Records shown.
▬▬▬▬▬▬
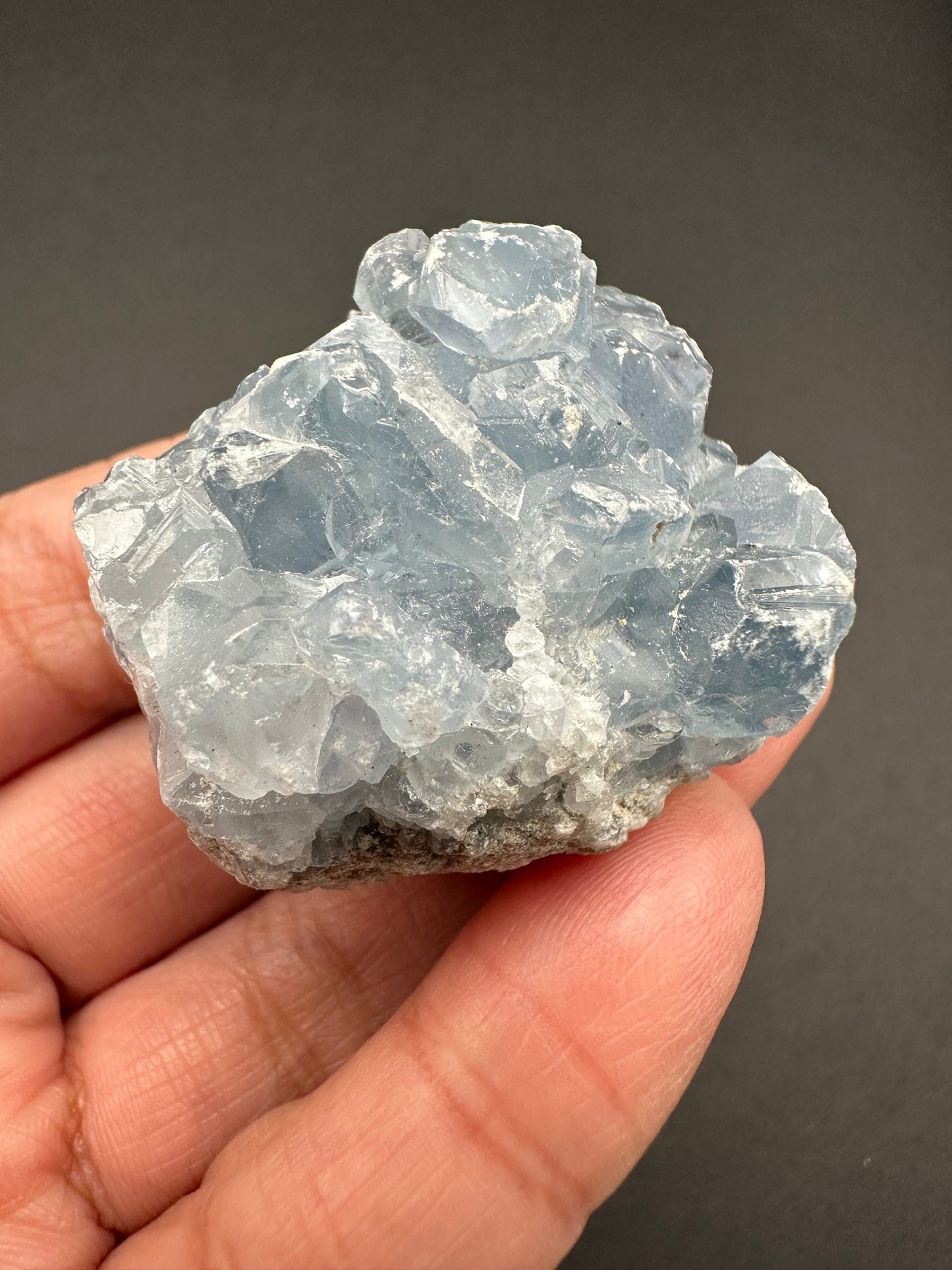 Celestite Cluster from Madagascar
▬▬▬▬▬▬
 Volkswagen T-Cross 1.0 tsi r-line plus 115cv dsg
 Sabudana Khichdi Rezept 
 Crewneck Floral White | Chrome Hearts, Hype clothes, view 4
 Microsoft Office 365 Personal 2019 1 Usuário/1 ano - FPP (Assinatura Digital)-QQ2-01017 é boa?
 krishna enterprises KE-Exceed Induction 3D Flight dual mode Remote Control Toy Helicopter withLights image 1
▬▬▬▬▬▬
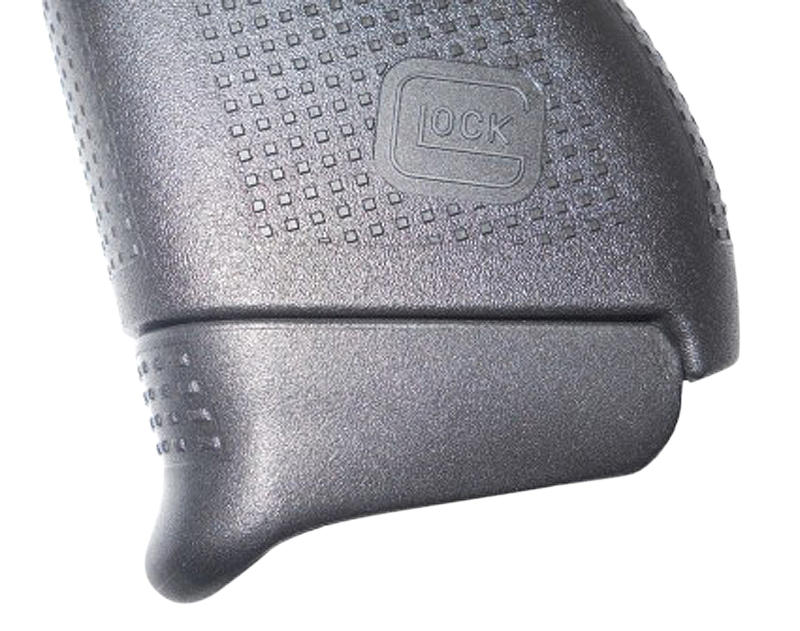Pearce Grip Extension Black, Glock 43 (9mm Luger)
▬▬▬▬▬▬
Within the material above, copy exactly the lines from the line that holds "Volkswagen T-Cross 1.0" up to and including the line that holds "krishna enterprises KE-Exceed".

Written response.
 Volkswagen T-Cross 1.0 tsi r-line plus 115cv dsg
 Sabudana Khichdi Rezept 
 Crewneck Floral White | Chrome Hearts, Hype clothes, view 4
 Microsoft Office 365 Personal 2019 1 Usuário/1 ano - FPP (Assinatura Digital)-QQ2-01017 é boa?
 krishna enterprises KE-Exceed Induction 3D Flight dual mode Remote Control Toy Helicopter withLights image 1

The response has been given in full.